A risk score based on clinical characteristics of GDM women for the development of preeclampsia [23]	First trimester BMI ≥ 27 kg/m², GDM diagnosed within 20 weeks of gestation, poor glycaemic control ^e	Simplified scoring system	Internal validation (apparent)	GOF (p = 0.792)	0.911 (0.877–0.946)
Subgroups at different risks of developing the composite adverse neonatal outcome [24]	Pre-pregnancy BMI, family history of diabetes	Decision tree consisting of four patient subgroup classes	NR	NR	NR
The fetal overgrowth index [25]	High fasting glucose ^f, enlarged abdominal circumference ^g, excessive weight gain ^h, history of macrosomia ⁱ, Age ≤ 30	Simplified scoring system	Internal validation (bootstrapping)	NR	0.89 (0.888–0.891)

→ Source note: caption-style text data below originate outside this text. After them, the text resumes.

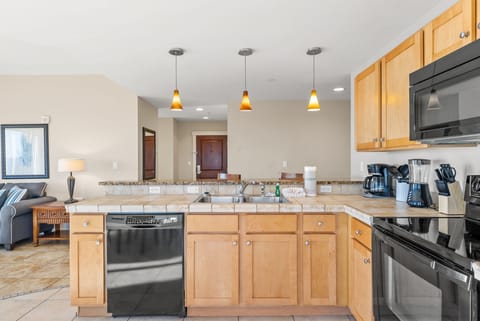 Panama City Beach Condo Unit 1235 (9)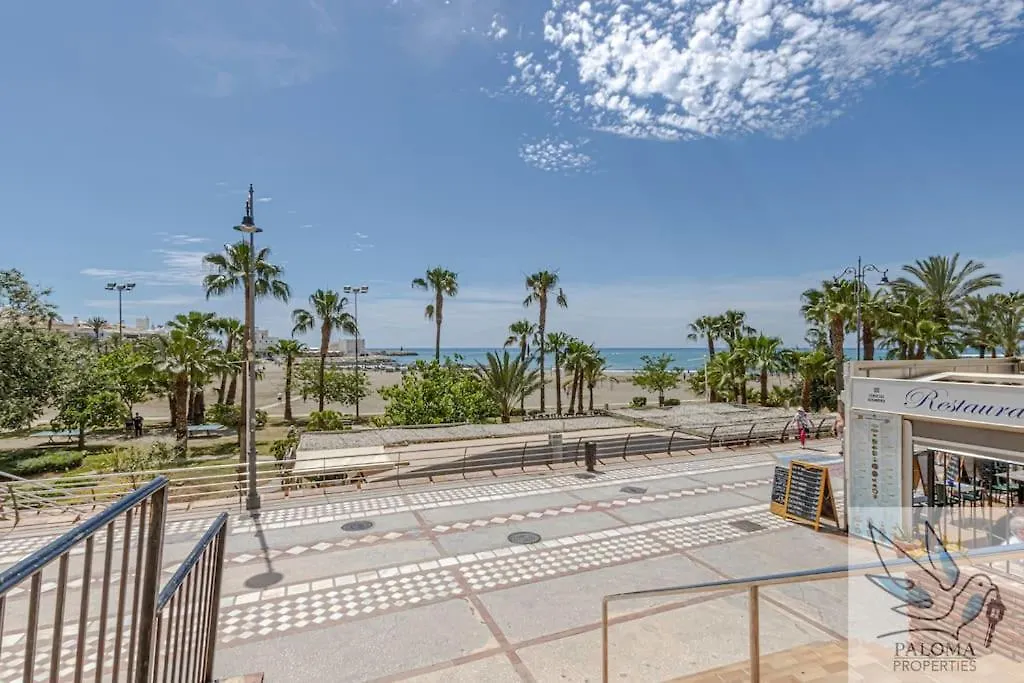 Wonderful Studio Apartment On The Beachfront Benalmadena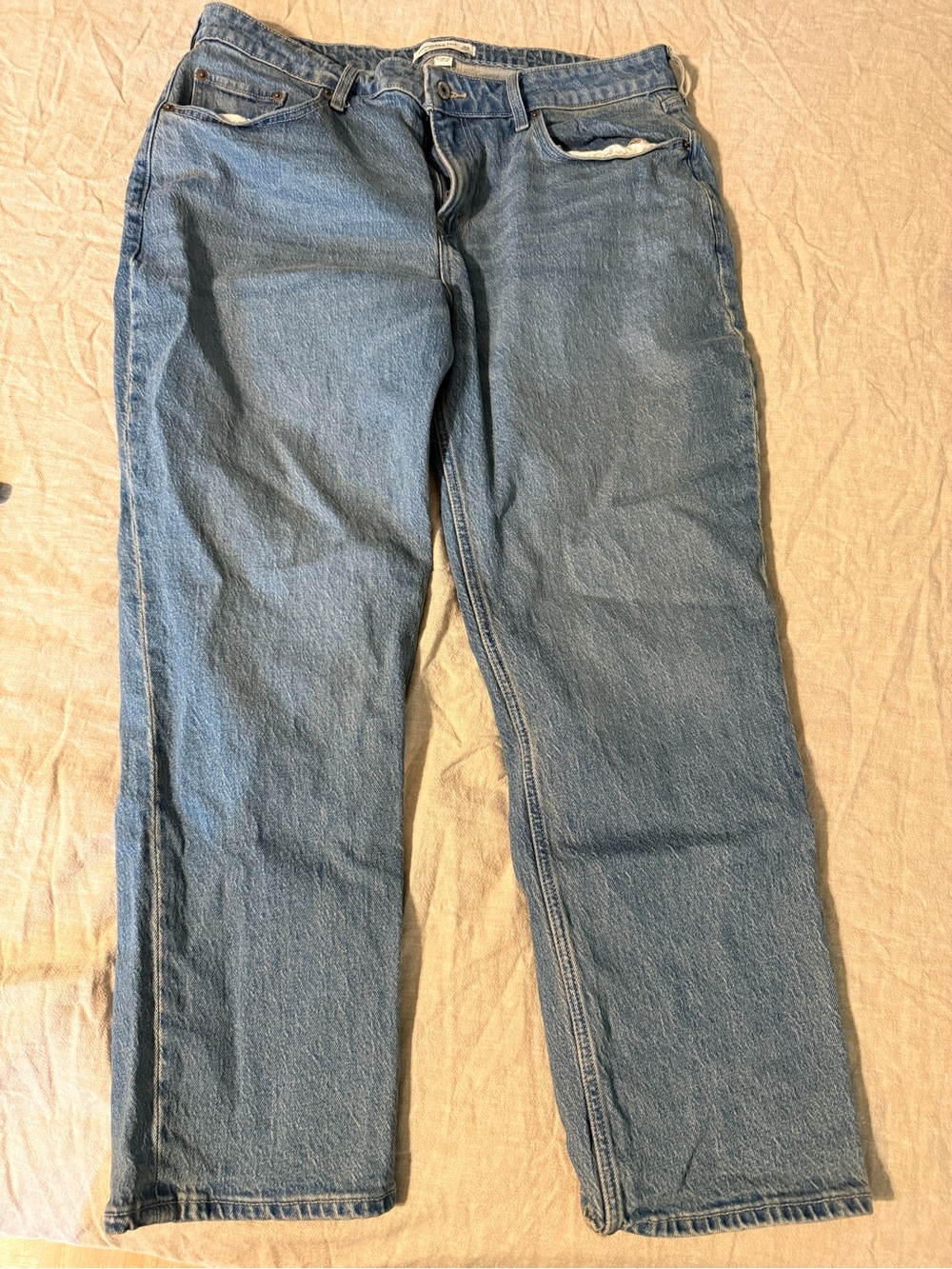 Abercrombie & Fitch Women's curve love mid rise Straight-Leg Jeans 32 short
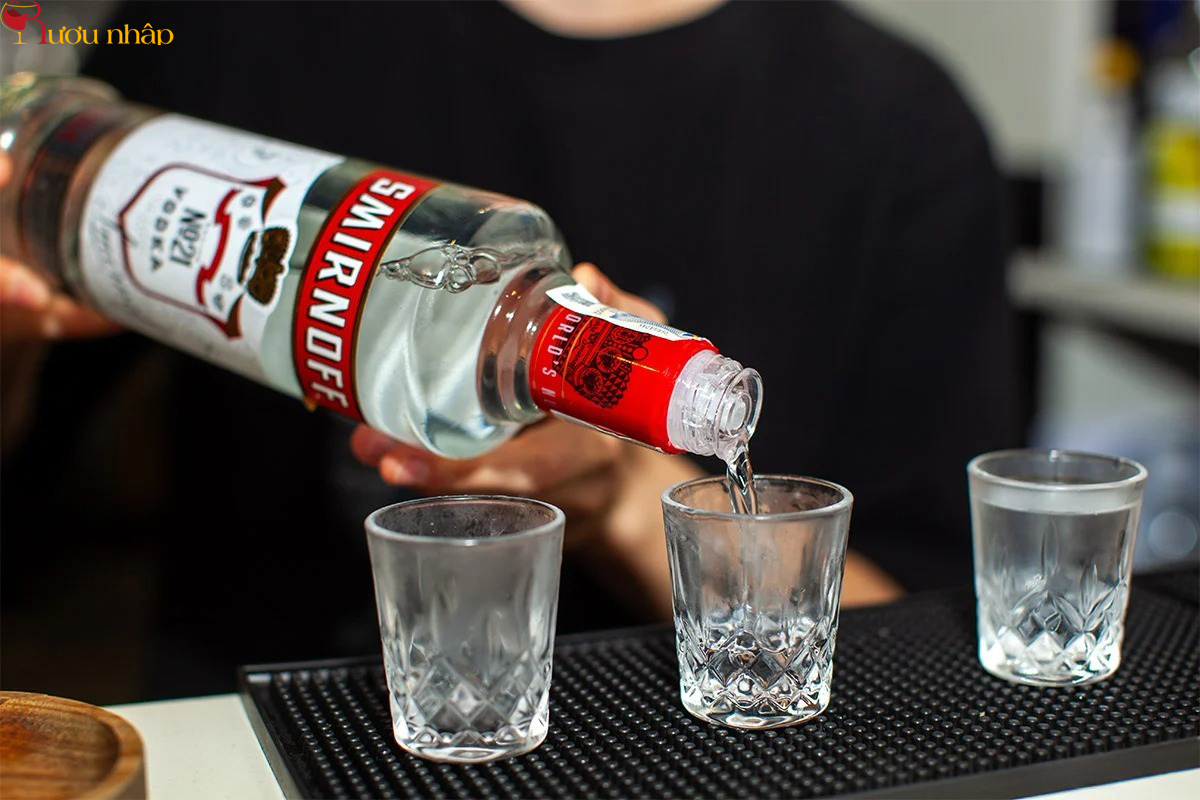 Cách thưởng thức rượu vodka Nga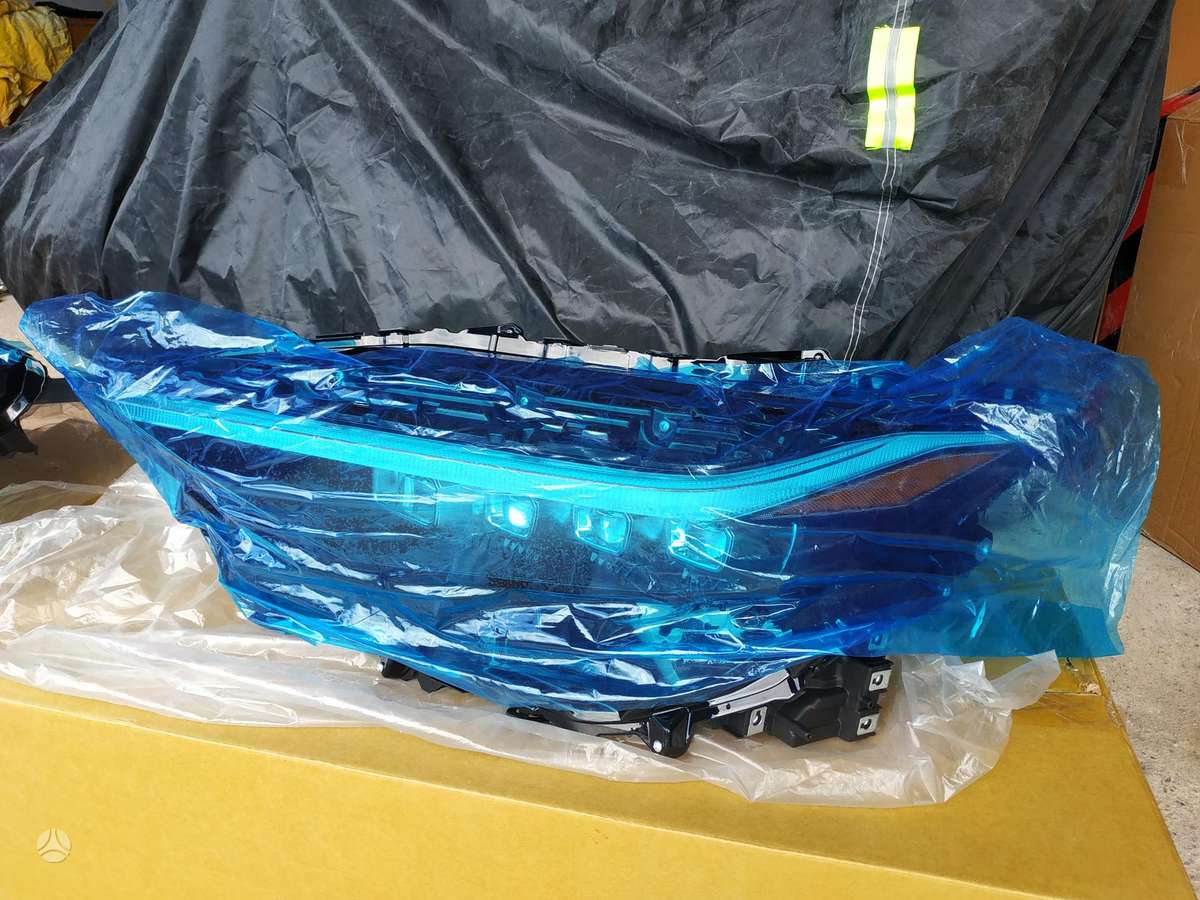 Toyota bZ4X lights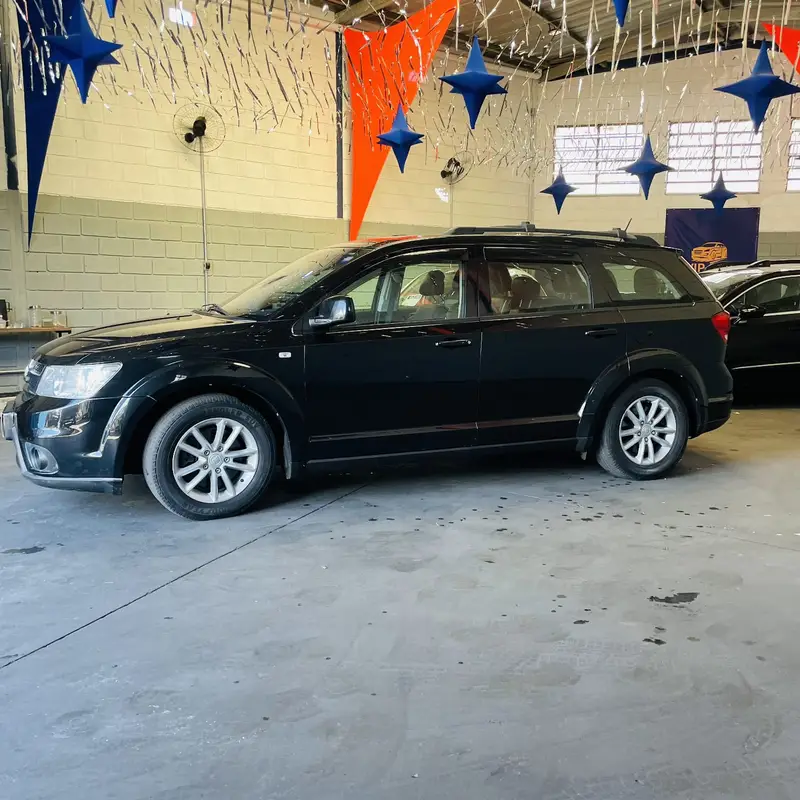 Fiat Freemont 2.4 16V Precision (Aut)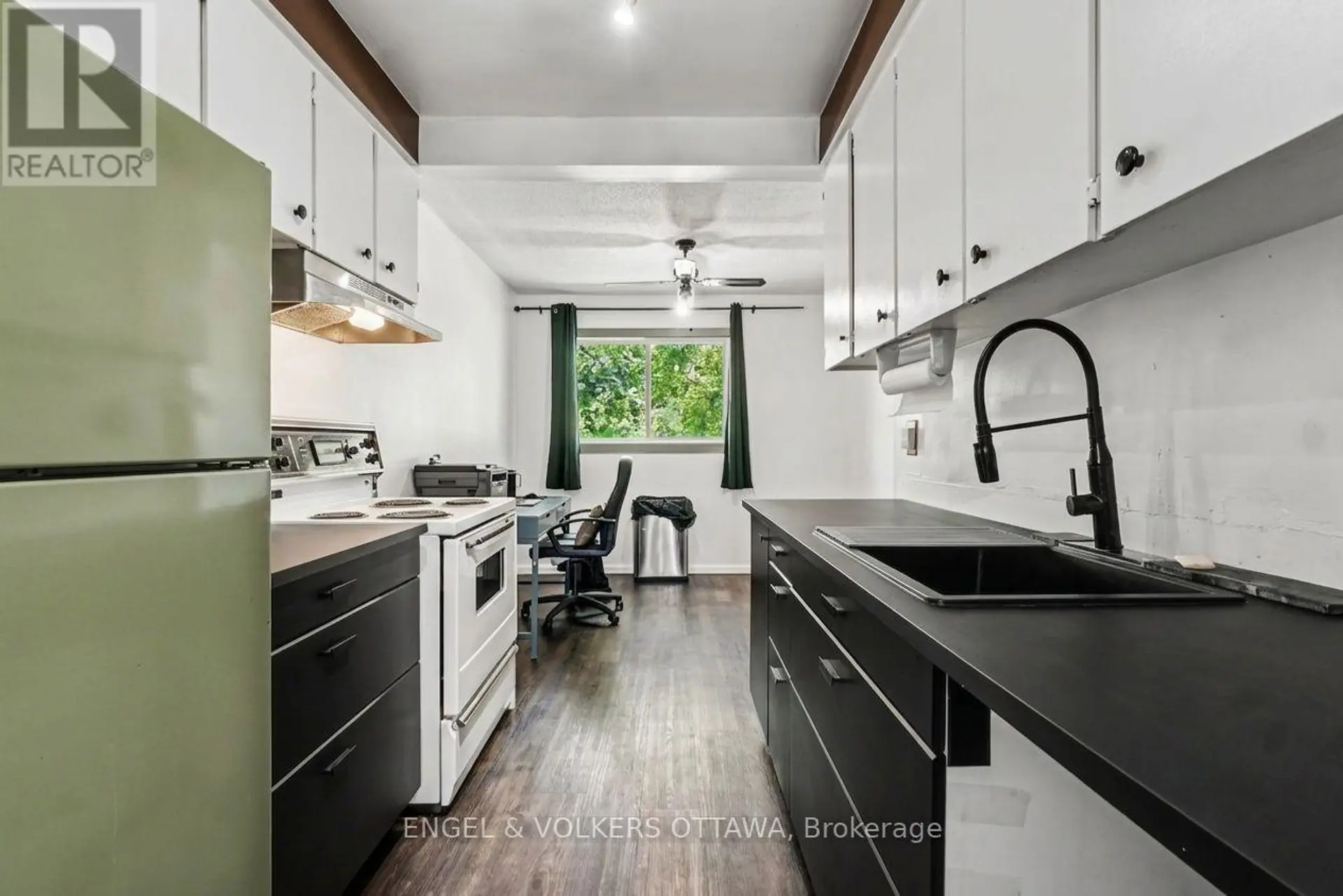4557 DORA CRESCENT - Image 4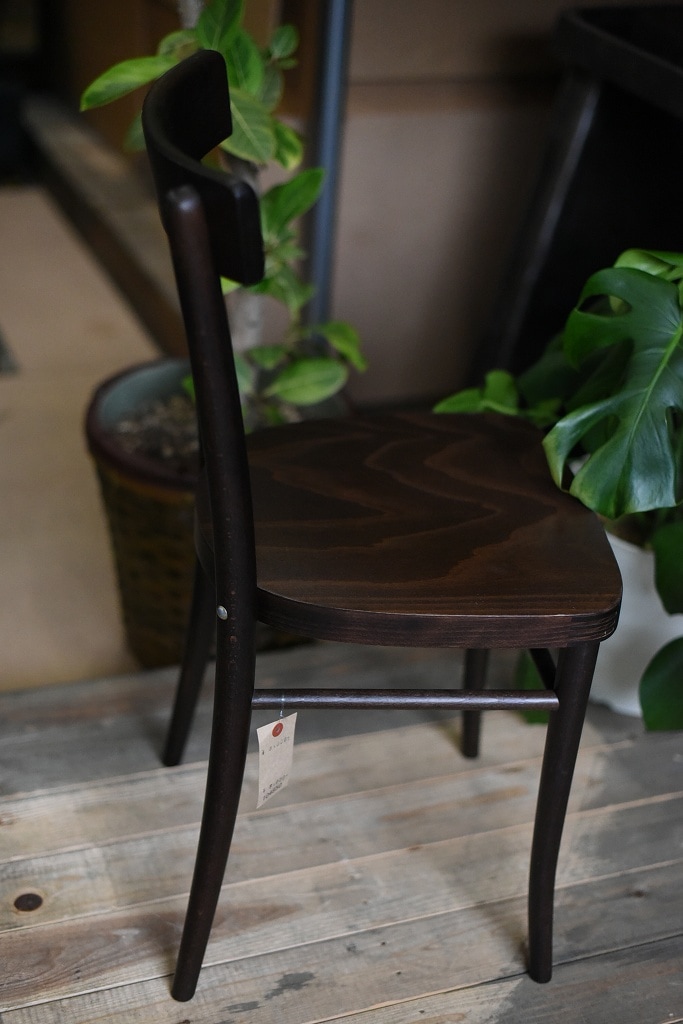 104850 USED TON CHAIR 中古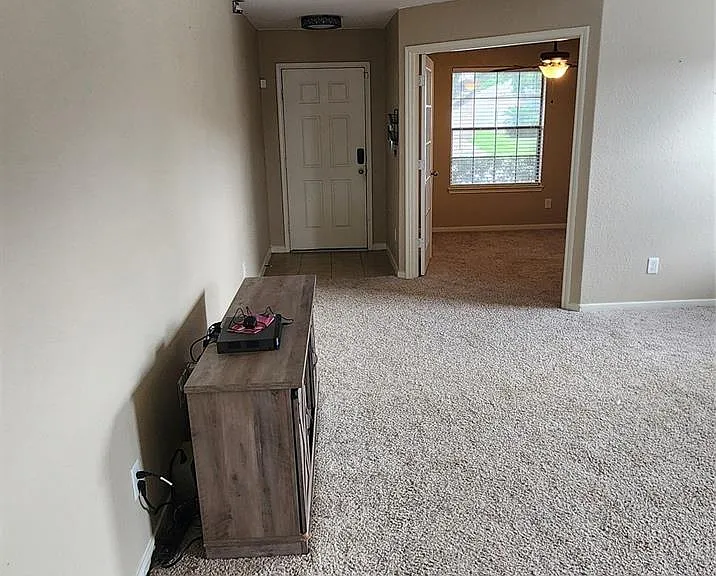 8830 Summerset Meadow Ct — Photo 15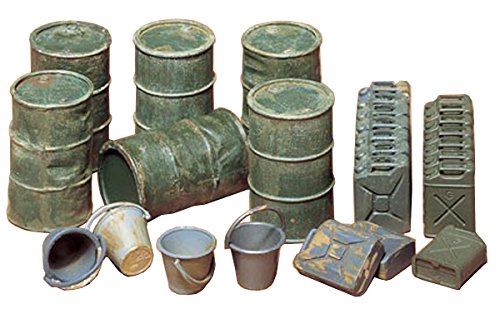 Tamiya 1:35 Scale Jerry Cans Set 35026, Unfinished, miniatura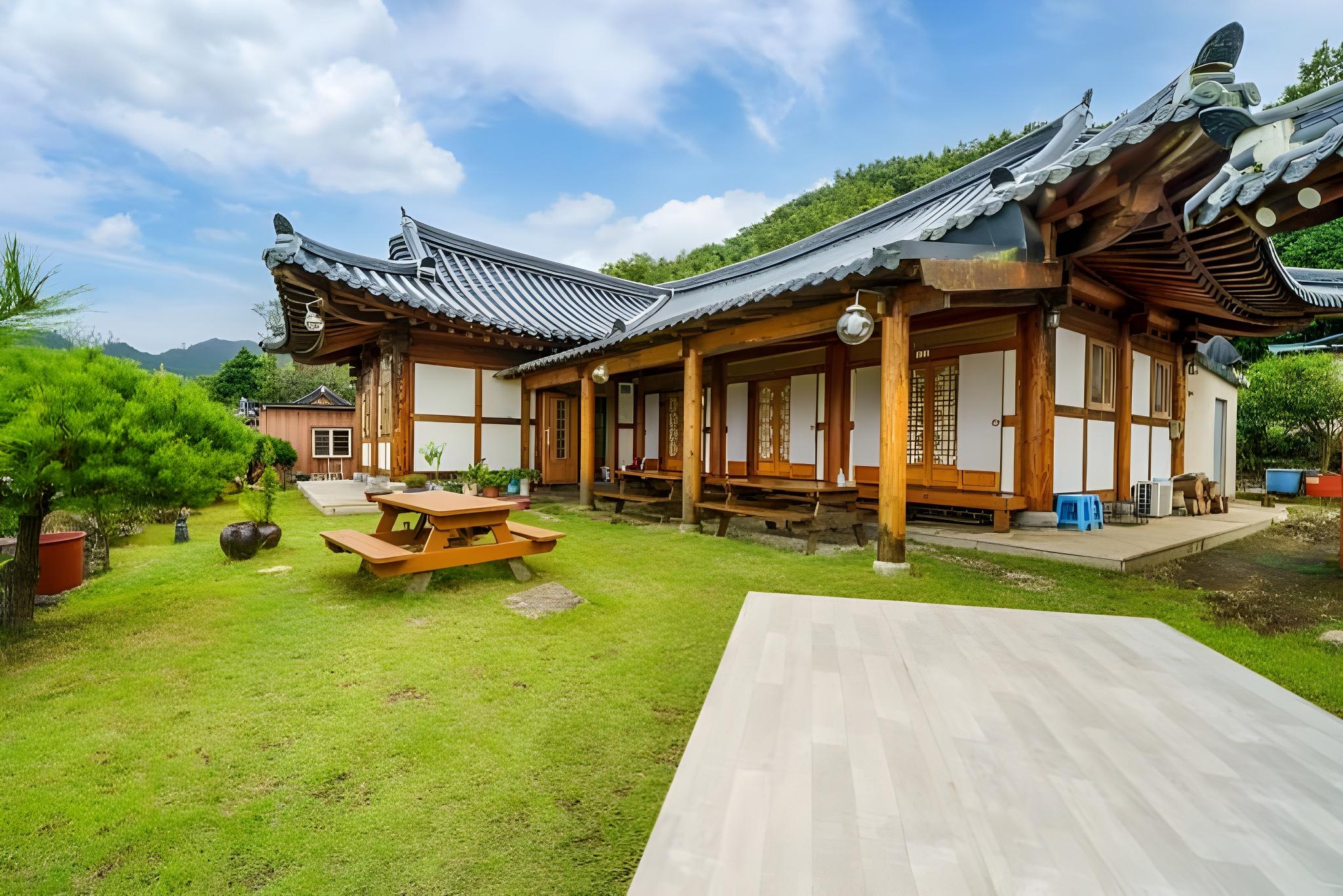 해남 아침의향기펜션 (Haenam Morning Scent Pension)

Abbreviations: c-statistic, concordance statistic; CI, confidence interval, BMI, body mass index; GDM, gestational diabetes; GOF, goodness of fit; LGA, large-for-gestational-age; NR, not reported; OGTT, oral glucose tolerance test; a The concordance statistic is equal to the area under the receiver operating characteristic curve for models predicting binary outcomes; b This study presented results for each of eight fixed sets of predictors (designated models A to H) from the following: fasting, 1-hour post-load (1 h) and 2-hour post-load (2 h) OGTT results, haemoglobin A1c, age, height, BMI at time of OGTT (24–32 weeks gestation) and parity. Six of the eight sets of predictors (Models A to F) only included glycaemic measures as predictors—fasting, 1 h and 2 h glucose levels from an OGTT in varying combinations or averaged, or haemoglobin A1c. Two sets of predictors (Models G and H) combined four clinical characteristics (age, height, BMI and parity) with OGTT results, as individual components or averaged respectively. Of the eight sets of predictors evaluated the authors nominated model G (individual OGTT components with clinical characteristics) as having the best predictive ability and presented the models using this set of predictors most completely, reporting standardised coefficients for each. Hence, for comparison, we considered these models to represent the “final” model in their development process and hence, it is these results that are presented; c Results from a 75 g, 2-hour OGTT undertaken at 24 to 32 weeks gestation; d Results from a 100 g, 3-hour OGTT undertaken at 24 to 28 weeks gestation; e Poor glycaemic control defined as ≥ 2 separate occasions of fasting glucose ≥ 5.8 mmol/L and/or 2 postprandial glucose ≥ 6.7 mmol/L after GDM treatment; f High fasting glucose defined as fasting glucose at 24 to 30 weeks (either serum value derived from OGTT or mean fasting capillary blood glucose over 1 week) ≥ 5.6 mmol/L (100 mg/dL); g Enlarged abdominal circumference defined as ≥ 90th percentile on ultrasound between 24 and 30 weeks; h Excessive weight gain defined as weight gain in second and third trimester ≥ 0.3 lb/week above the Institute of Medicine (BMI-based) goal range; i History of macrosomia defined as prior infant birthweight > 4 kg.

Figure 4

Selected predictors in final models for pregnancy complications in women with gestational diabetes.

3.3.6. Model Evaluation

Model performance was evaluated using the same dataset used to develop the model (apparent validation) in all but one study [25] (Table 5). In this study, results of internal validation based on resampling of the development dataset using bootstrapping was reported. No studies reported results of external validation as a measure of transportability of the developed model to new populations.

3.3.7. Model Presentation

Three studies [23,24,25] included an alternative presentation format of the final models designed for ease of use and clinical application (Table 5).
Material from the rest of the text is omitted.